* **Exercise brief**:
Write out each record a second time, exactly.

* **Exercise inputs**:
....

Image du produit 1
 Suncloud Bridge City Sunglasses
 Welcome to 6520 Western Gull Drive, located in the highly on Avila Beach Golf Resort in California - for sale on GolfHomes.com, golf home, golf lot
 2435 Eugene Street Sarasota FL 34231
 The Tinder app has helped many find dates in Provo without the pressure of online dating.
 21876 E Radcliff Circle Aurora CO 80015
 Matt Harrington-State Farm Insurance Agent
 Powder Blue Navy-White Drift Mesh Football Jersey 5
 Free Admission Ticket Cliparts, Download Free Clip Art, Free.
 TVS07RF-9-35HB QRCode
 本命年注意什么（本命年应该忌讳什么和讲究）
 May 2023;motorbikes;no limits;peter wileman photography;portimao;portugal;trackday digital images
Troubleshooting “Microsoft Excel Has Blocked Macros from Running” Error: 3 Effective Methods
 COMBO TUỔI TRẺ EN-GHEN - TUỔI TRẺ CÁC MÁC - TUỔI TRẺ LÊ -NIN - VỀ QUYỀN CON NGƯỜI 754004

....

* **Expected answer**:
Image du produit 1
 Suncloud Bridge City Sunglasses
 Welcome to 6520 Western Gull Drive, located in the highly on Avila Beach Golf Resort in California - for sale on GolfHomes.com, golf home, golf lot
 2435 Eugene Street Sarasota FL 34231
 The Tinder app has helped many find dates in Provo without the pressure of online dating.
 21876 E Radcliff Circle Aurora CO 80015
 Matt Harrington-State Farm Insurance Agent
 Powder Blue Navy-White Drift Mesh Football Jersey 5
 Free Admission Ticket Cliparts, Download Free Clip Art, Free.
 TVS07RF-9-35HB QRCode
 本命年注意什么（本命年应该忌讳什么和讲究）
 May 2023;motorbikes;no limits;peter wileman photography;portimao;portugal;trackday digital images
Troubleshooting “Microsoft Excel Has Blocked Macros from Running” Error: 3 Effective Methods
 COMBO TUỔI TRẺ EN-GHEN - TUỔI TRẺ CÁC MÁC - TUỔI TRẺ LÊ -NIN - VỀ QUYỀN CON NGƯỜI 754004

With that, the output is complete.